He said, “You can change direction if you want – as long as the new road is equally or more difficult.”

I can’t say I’d ever given that idea too much thought, before. But it’s a great piece of advice. It reflects the reality that, sometimes, the path you’ve chosen for yourself isn’t necessarily the right one. Many would give up, but Peterson counsels not giving up, but redirecting the same or greater level of effort towards a properly considered, alternative route to the success you sought, or even a new definition of success.

To use a poor analogy based on personal experience, I used to be a runner and did a couple of half marathons, but about 5 years ago my knees started grumbling. Friends introduced me to road cycling, and I recovered a level of fitness I hadn’t experienced for a while. Now, that is an accidental example of ‘changing direction but applying the same level of discipline’ to achieve a similar goal – physical fitness.

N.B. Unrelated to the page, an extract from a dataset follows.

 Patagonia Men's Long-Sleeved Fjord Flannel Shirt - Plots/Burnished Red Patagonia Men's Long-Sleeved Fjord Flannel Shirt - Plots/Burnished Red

What have you been chasing, but no longer ‘love’? Were you on a particular career path that you now question? For example, and again based on what I saw in the organisation I worked for, have you been desperately seeking upward promotion and ignored potentially rewarding sideways development – less pay but a greater sense of contribution, achievement and purpose? To do either takes discipline, but they may also require similar mental and academic approaches which are just as difficult to travel, yet more satisfying.

In the same interview, the interviewer spoke of a friend who’d retired from some enterprise and initially enjoyed retirement, but realised he was getting bored. He made an astute observation with which I sympathise. He said, “I miss being good at something.”

You don’t only have upward, better paid options available. You have specialisation options, academic options, different job options – lots of options. And when you choose the option that works best for you, you discover the pleasure of being good at something.

What could that be? Apply self-discipline, and go and get that.

For more on this subject, buy The Three Resolutions in paperback or Kindle HERE at Amazon.co.uk .

What to consider when what you're doing isn't working as well as you'd hoped.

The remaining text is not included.